> **Required work**: Transcribe the data that follows without changing a word, and omit the pictures.

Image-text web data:
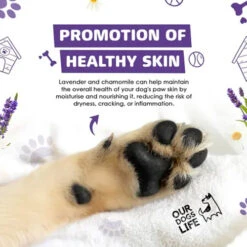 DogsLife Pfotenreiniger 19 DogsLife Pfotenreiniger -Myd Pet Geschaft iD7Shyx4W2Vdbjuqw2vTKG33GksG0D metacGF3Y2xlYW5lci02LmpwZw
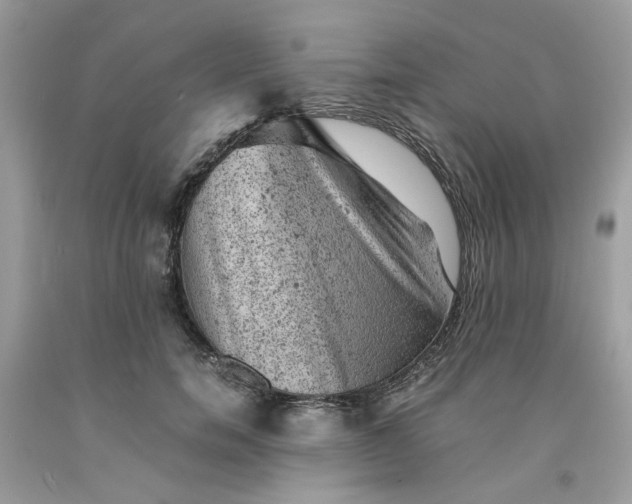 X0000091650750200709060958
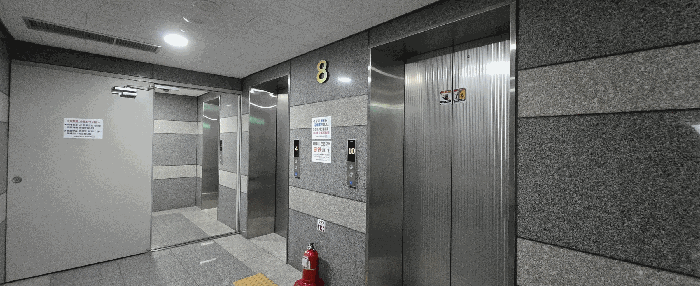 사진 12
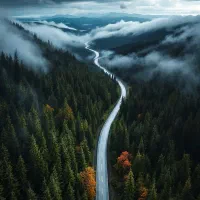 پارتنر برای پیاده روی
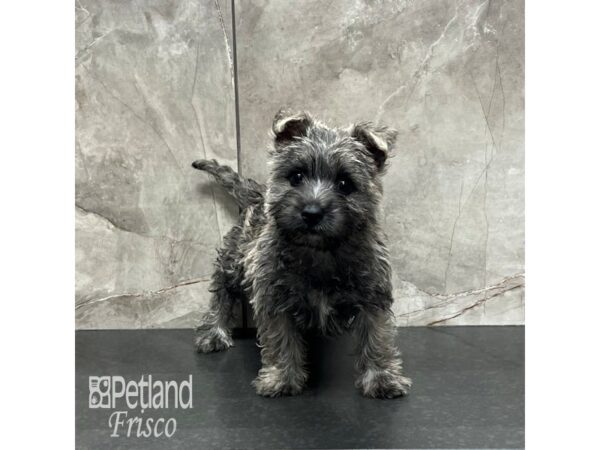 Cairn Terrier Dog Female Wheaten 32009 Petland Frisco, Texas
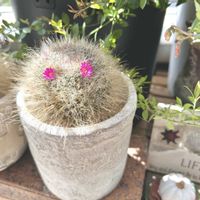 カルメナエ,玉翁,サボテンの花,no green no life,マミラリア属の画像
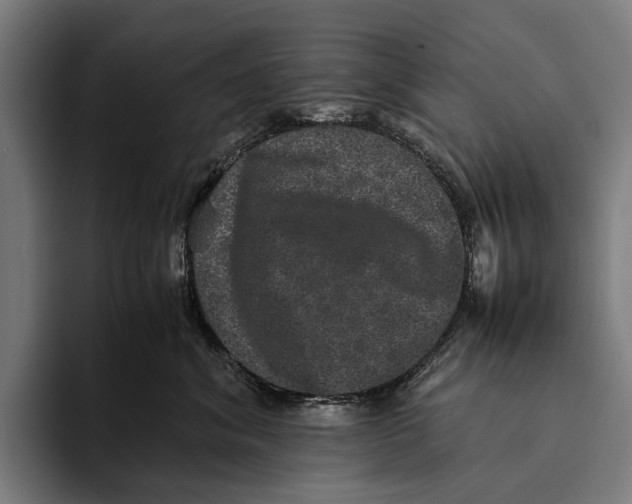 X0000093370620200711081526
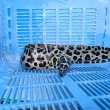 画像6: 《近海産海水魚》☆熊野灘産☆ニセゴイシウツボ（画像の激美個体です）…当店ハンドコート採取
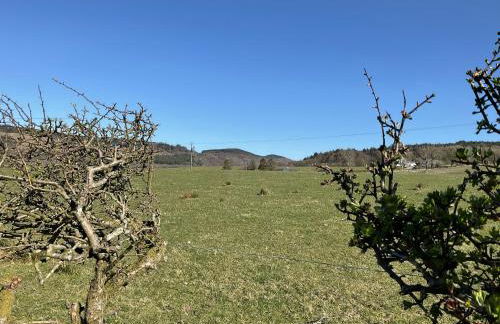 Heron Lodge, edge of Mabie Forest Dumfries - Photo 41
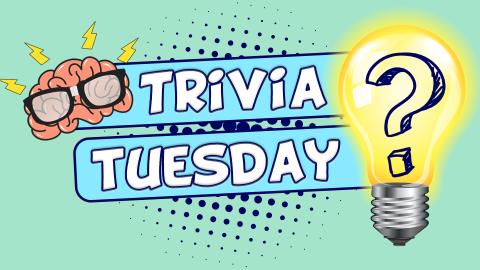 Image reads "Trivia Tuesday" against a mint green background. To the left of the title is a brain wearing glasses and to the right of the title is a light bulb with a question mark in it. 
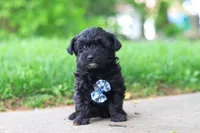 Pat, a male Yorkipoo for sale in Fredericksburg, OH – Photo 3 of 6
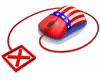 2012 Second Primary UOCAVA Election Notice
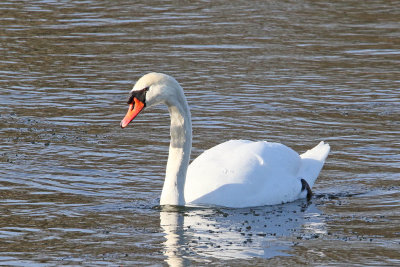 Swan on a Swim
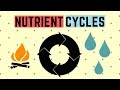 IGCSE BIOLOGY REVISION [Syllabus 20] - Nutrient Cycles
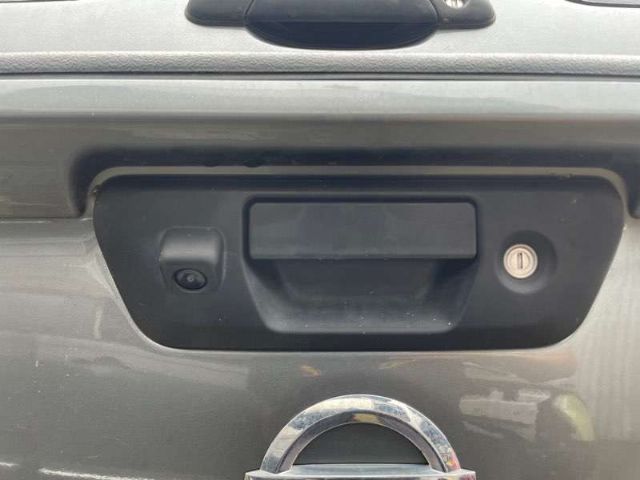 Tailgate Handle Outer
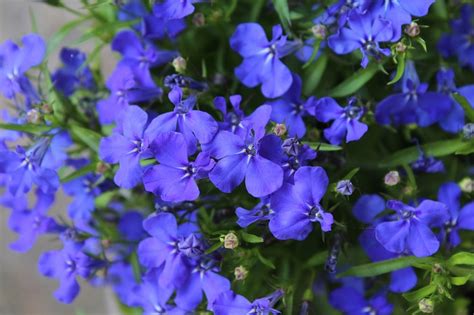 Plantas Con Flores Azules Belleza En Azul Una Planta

> **Reply to the task**:
 DogsLife Pfotenreiniger 19 DogsLife Pfotenreiniger -Myd Pet Geschaft iD7Shyx4W2Vdbjuqw2vTKG33GksG0D metacGF3Y2xlYW5lci02LmpwZw
 X0000091650750200709060958
 사진 12
 پارتنر برای پیاده روی
 Cairn Terrier Dog Female Wheaten 32009 Petland Frisco, Texas
 カルメナエ,玉翁,サボテンの花,no green no life,マミラリア属の画像
 X0000093370620200711081526
 画像6: 《近海産海水魚》☆熊野灘産☆ニセゴイシウツボ（画像の激美個体です）…当店ハンドコート採取
 Heron Lodge, edge of Mabie Forest Dumfries - Photo 41
 Image reads "Trivia Tuesday" against a mint green background. To the left of the title is a brain wearing glasses and to the right of the title is a light bulb with a question mark in it. 
 Pat, a male Yorkipoo for sale in Fredericksburg, OH – Photo 3 of 6
 2012 Second Primary UOCAVA Election Notice
 Swan on a Swim
 IGCSE BIOLOGY REVISION [Syllabus 20] - Nutrient Cycles
 Tailgate Handle Outer
 Plantas Con Flores Azules Belleza En Azul Una Planta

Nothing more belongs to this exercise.